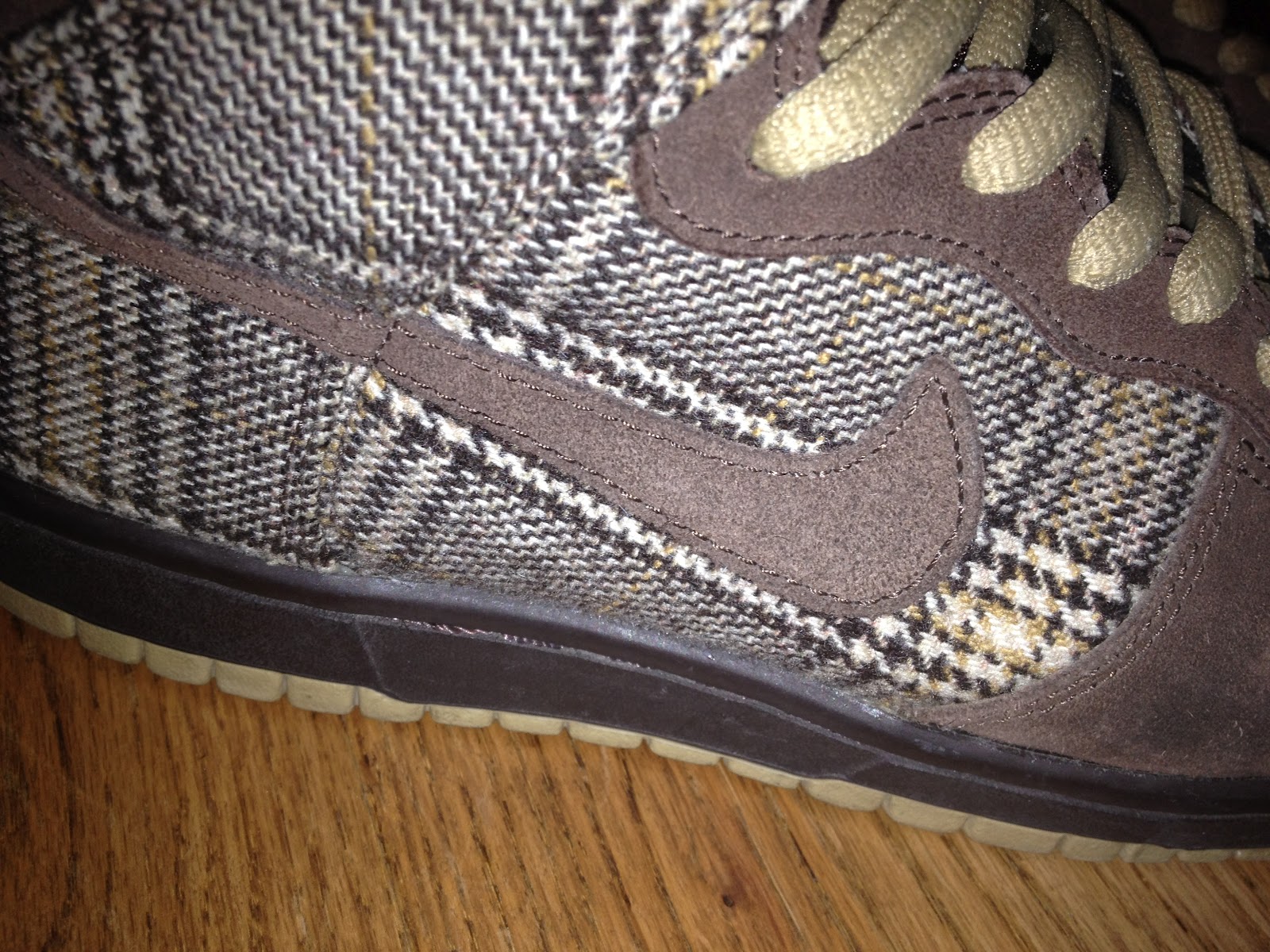 tweed dunk high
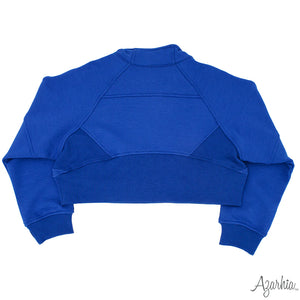 Girls Royal Blue Cropped Sweatshirt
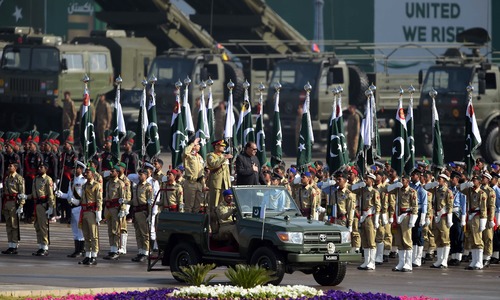 Military parade in capital marks Pakistan Day celebrations
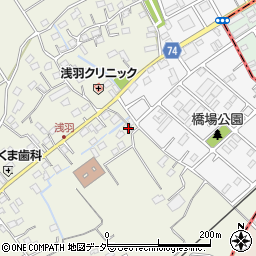埼玉県坂戸市浅羽1119周辺の地図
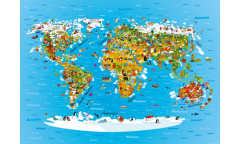 Fototapeta Mapa světa FTN 2650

▬▬▬▬▬▬

What is needed is the full material, retyped unchanged, with no pictures in it.

TASK ANSWER:
 tweed dunk high
 Girls Royal Blue Cropped Sweatshirt
 Military parade in capital marks Pakistan Day celebrations
埼玉県坂戸市浅羽1119周辺の地図
 Fototapeta Mapa světa FTN 2650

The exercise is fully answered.